KAIROS: Building Cost-Efficient Machine Learning Inference Systems with Heterogeneous Cloud Resources
Li, Baolin, Samsi, Siddharth, Gadepally, Vijay, Tiwari, Devesh
Online inference is becoming a key service product for many businesses, deployed in cloud platforms to meet customer demands. Despite their revenue-generation capability, these services need to operate under tight Quality-of-Service (QoS) and cost budget constraints. This paper introduces KAIROS, a novel runtime framework that maximizes the query throughput while meeting QoS target and a cost budget. KAIROS designs and implements novel techniques to build a pool of heterogeneous compute hardware without online exploration overhead, and distribute inference queries optimally at runtime. Our evaluation using industry-grade deep learning (DL) models shows that KAIROS yields up to 2X the throughput of an optimal homogeneous solution, and outperforms state-of-the-art schemes by up to 70%, despite advantageous implementations of the competing schemes to ignore their exploration overhead.

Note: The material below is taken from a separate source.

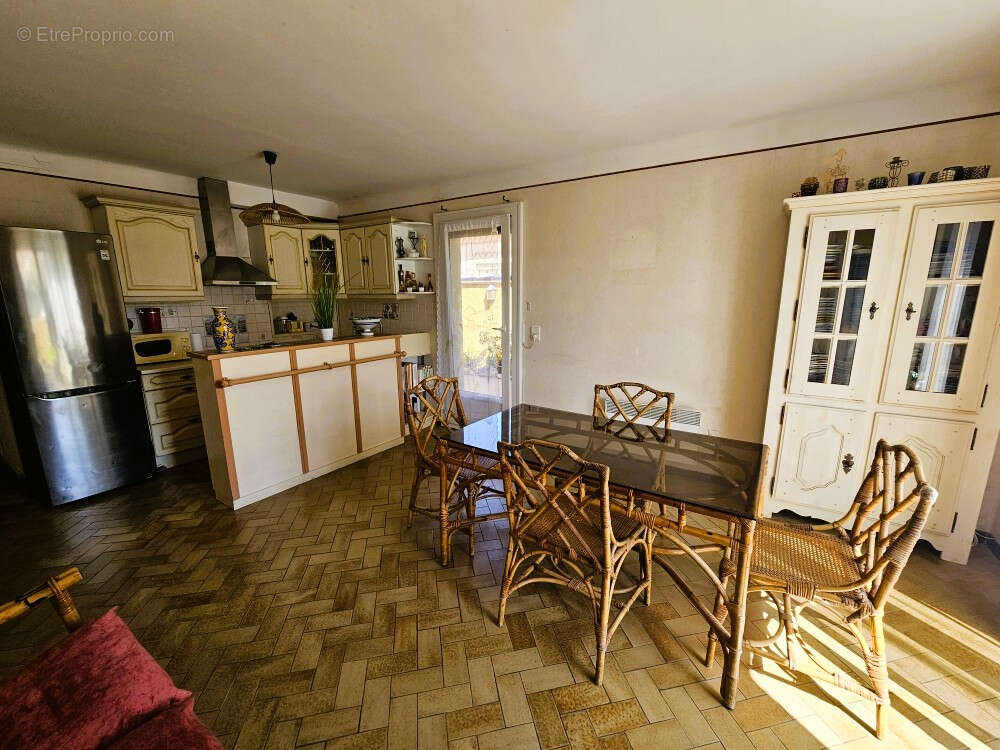 Appartement à LE BARCARES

RIBBON: Cost-Effective and QoS-Aware Deep Learning Model Inference using a Diverse Pool of Cloud Computing Instances
Li, Baolin, Roy, Rohan Basu, Patel, Tirthak, Gadepally, Vijay, Gettings, Karen, Tiwari, Devesh
Deep learning model inference is a key service in many businesses and scientific discovery processes. This paper introduces RIBBON, a novel deep learning inference serving system that meets two competing objectives: quality-of-service (QoS) target and cost-effectiveness. The key idea behind RIBBON is to intelligently employ a diverse set of cloud computing instances (heterogeneous instances) to meet the QoS target and maximize cost savings. RIBBON devises a Bayesian Optimization-driven strategy that helps users build the optimal set of heterogeneous instances for their model inference service needs on cloud computing platforms -- and, RIBBON demonstrates its superiority over existing approaches of inference serving systems using homogeneous instance pools. RIBBON saves up to 16% of the inference service cost for different learning models including emerging deep learning recommender system models and drug-discovery enabling models.